Yesterday, we introduced Psalm 41, where David is in one breath repenting of his sinful behavior to the Lord and in the next, sighing over persecution by his enemies, many of whom are supposed to be friends. And the question we left with is: did his "foes" know? Did they know he repented?
The question is really this: does it change your opinion of a person, friend or foe, if you know they have humbled themselves before God and cried out in grief over their own sin? Does it change the way you interact with them if you know that they're trying?
Would David's friends have still been friends if they knew the real anguish with which he cried out to God?
This is important because we're talking here about a man like David - a very well-known figure in Israel. Everyone knew David's story, or at least, they thought they did. He was such a public figure that everyone had an opinion of him and, at the very least, they knew that God's hand was on him. (Or, they should have.)
What they didn't know was what David did in secret. What they didn't know is what happened when he fell on his knees. What they didn't know was how earnestly he was working to get things right. What they didn't know was how it grieved his own heart when he sinned.

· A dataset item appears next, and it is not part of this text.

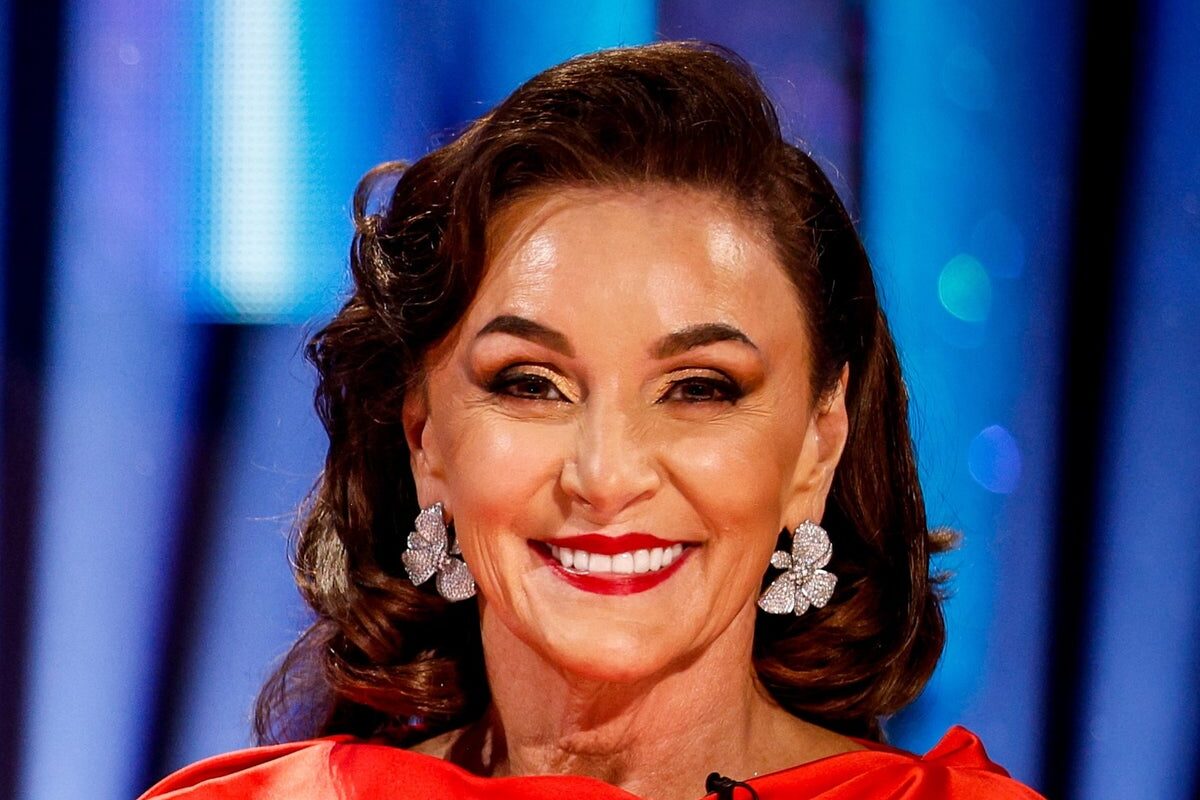 Strictly’s Shirley Ballas says joyous life with mother is a stark contrast to past relationships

What they didn't know, apparently, was that when he knew he had done wrong, he ran to God and threw himself on mercy.
Would it have changed things if they knew?
We spend so much of our lives having an opinion on others. We spend so much of our time judging what we think must be true of someone based on what we see. But do we ever consider the things that we don't see?
Do we consider what a man does when he is alone on his knees, just him and God? Do we consider how his own heart is torn by his sin? Do we stop to think that this thing that we want to keep drilling him into the ground for might be something from which he has already repented? Something for which he has already turned to God?
None of us wants to be friends with a "sinner." It's a whole lot easier to be a foe. It's a whole lot easier to stand up in our self-righteousness and declare that this is not the kind of man that we want to be around, to drag his name through the mud in an effort to boost our own, and to say that he's just not who we thought he was and that we just can't associate ourselves with this kind of man.
But can you be friends with a repentant man? Do you want to be friends with a repentant man? Isn't he the kind of influence you both want and need in your life?
Would it change you in verse 5 if you knew what happened in verse 4?